### Try it
Your answer should be the lines below from the one holding "Petro criticó que" through the one holding "Carbon Stand Bag", copied exactly and with nothing else.

### Records supplied

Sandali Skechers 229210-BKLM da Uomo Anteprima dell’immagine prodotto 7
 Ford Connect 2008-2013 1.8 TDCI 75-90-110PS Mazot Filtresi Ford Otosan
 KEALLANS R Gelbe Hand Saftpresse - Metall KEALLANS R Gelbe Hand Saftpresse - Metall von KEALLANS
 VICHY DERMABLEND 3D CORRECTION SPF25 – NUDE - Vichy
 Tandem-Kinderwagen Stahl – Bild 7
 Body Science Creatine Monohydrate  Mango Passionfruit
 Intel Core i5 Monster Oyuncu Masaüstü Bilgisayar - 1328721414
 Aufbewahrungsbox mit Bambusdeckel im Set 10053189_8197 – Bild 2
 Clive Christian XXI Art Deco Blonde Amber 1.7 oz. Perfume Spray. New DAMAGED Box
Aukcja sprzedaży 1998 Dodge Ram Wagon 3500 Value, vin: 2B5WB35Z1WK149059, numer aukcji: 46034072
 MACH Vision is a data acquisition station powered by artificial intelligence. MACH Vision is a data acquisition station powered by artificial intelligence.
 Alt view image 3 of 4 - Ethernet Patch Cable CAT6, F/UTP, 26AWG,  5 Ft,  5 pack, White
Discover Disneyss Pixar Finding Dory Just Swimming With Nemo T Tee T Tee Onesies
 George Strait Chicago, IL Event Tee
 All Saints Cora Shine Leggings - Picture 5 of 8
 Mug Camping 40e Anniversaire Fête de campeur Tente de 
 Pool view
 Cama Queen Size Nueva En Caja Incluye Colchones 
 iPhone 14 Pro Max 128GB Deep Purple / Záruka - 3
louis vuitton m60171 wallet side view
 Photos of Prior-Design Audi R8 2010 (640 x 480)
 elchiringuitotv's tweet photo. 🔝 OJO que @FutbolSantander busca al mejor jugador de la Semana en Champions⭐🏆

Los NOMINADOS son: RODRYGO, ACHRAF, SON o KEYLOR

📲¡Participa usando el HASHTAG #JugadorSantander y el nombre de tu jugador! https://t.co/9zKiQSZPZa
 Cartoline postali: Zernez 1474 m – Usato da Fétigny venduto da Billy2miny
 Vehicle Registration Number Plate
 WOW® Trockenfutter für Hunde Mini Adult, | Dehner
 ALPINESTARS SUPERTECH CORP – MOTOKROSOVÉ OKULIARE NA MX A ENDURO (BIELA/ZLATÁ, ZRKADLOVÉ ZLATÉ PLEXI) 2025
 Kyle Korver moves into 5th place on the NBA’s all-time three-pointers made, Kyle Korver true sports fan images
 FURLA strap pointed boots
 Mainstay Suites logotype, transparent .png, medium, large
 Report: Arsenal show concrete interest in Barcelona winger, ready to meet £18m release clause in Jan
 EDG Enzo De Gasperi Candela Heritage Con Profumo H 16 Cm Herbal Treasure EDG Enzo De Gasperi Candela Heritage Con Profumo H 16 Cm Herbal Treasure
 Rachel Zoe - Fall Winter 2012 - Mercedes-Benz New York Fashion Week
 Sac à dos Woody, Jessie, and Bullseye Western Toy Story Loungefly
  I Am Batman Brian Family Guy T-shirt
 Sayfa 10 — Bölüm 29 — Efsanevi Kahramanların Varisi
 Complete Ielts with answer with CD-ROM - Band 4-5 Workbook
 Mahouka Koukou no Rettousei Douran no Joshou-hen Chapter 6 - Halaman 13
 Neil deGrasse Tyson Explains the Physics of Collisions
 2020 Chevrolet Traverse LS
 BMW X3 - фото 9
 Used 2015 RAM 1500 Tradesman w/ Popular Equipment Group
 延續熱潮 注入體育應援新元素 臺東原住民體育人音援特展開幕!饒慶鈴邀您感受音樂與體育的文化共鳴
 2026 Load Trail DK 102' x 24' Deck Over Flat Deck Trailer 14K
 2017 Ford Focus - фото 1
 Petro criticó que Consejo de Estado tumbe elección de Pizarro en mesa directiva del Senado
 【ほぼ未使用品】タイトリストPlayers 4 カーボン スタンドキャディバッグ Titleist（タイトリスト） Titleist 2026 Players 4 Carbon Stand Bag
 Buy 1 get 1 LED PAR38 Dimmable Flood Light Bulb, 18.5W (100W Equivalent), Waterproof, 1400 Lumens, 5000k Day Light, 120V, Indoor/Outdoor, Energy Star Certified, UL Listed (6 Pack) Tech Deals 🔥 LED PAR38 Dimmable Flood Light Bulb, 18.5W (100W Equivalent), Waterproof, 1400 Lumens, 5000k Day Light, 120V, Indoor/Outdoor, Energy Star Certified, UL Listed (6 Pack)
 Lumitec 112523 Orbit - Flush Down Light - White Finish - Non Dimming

### Task solution
 Petro criticó que Consejo de Estado tumbe elección de Pizarro en mesa directiva del Senado
 【ほぼ未使用品】タイトリストPlayers 4 カーボン スタンドキャディバッグ Titleist（タイトリスト） Titleist 2026 Players 4 Carbon Stand Bag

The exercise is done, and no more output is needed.